How I managed to not mess up my git history thanks to `git pull — rebase …`

Week 4 GSoC 2020 — First Coding Phase with AnitaB.Org

Maya Treacy
AnitaB.org Open Source
8 min readJun 29, 2020

--

Source: https://www.slideshare.net/GregoryBataille/git-vizualiation-understand-what-you-do

This 4th week of GSoC passed smoothly without too much hiccups. Maybe since I had the basic code made during the previous weeks which helped direct the “style” to be used in writing future codes.

But today I’m going to tell you about my experience managing Git in my project repositories. My workflow in this GSoC project is nothing special (I guess, since I’m not sure how it is done on the “outside” world). I just need to pick up one of GSoC designated tasks, work on that issue by opening an issue specific branch, then push the code changes by opening a PR and move on to the next issue. That’s simple, right (….🤥…😈)

There’s a hidden challenge here that you might not aware of. In reality, most of the issues in BridgeInTech project are dependent of each other since this project is an original idea where codes have to be written from scratch. The project also follows the agile approach, where the backend and frontend are being developed in paralel and tasks are divided into small sprints at a time.

To give you a brief example, the basic setup was the first task (~ task 1) on the line as this laid the foundation of project backend development. The task that followed (~ task 2) was the Register functionality which then followed by the unit tests task (~ task 3) for this Register functionality.

Ideally, mentors approvals are needed on a pull request before I can move on from one task to another. It won’t be too much of an issue if I have a parallel task that I can switch and go to between backend/frontend since they are not normally highly dependent. However, when the parallel frontend/backend tasks are done and still waiting for mentors’ approval, I have no choice but to continue with the next task on the list. The challenge then comes from the interdependencies of these tasks (e.g. the Register functionality (task 2) dependent on codes written for the basic setup task (task 1), and the test cases for the Register functionality (task 3) are dependent on the Register function codes (task 2)). In order to stay productive and stay within GSoC schedule, I need to move forward and working on the next task on the list regardless of mentors approval on PR under review. You can see now why this becomes an issue, right?

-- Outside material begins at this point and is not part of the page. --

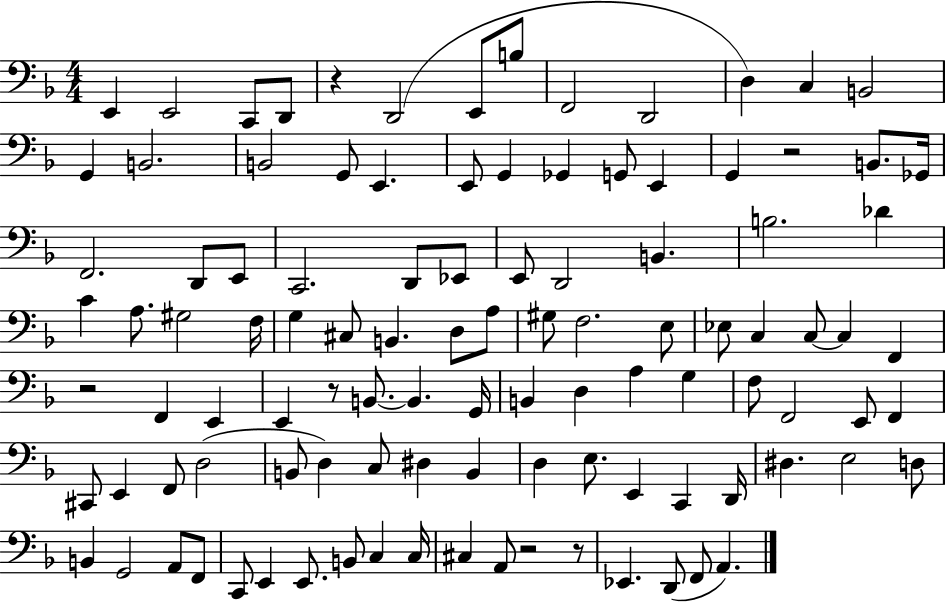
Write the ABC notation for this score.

For simplicity, from this point onward I’ll refer to the tasks in number sequences and in the following hypothetical cases, all tasks are dependent on their previous tasks.

Potential issue number 1:

Case:

Let’s pretend I have task 1 that is currently under review and I am already move on to the next task (task 2). While working on task 2, mentors provide their feedback on task 1 and I’m making the changes on that branch (task 1 branch).

Problem:

How do I make the code changes in task 1 branch reflected on task 2 branch so I get the desired/approved code to continue working on task 2. Most importantly, can I do this without having to write the changes twice (on task 1 and 2 branches)?

Potential issue number 2:

Case :

This time I have task 1 and 2 that are both being reviewed and am currently working on task 3. While working on task 3, mentors provide their feedback on task 2 and I’m making the changes on task 2 branch.

Problem:

What if mentors approved task 2 and merged it first then review task1 and merged it after? Remember that task 1 has no additional codes that task 2 has since it was the preceding task. To make more sense, think of it with task 2 as the Register functionality and task 1 as the basic setup. Basic setup branch won’t have the Register files since I didn’t write that functionality on task 1. If this task 1 branch is to be merged after task 2, wouldn’t it cancell out (delete) the register folder/file that got merged by task 2 from the first merge? How can we prevent this? Do I need to apply the changes on task 2 backwards to task 1? But this would lead to duplication of codes which is not desirable.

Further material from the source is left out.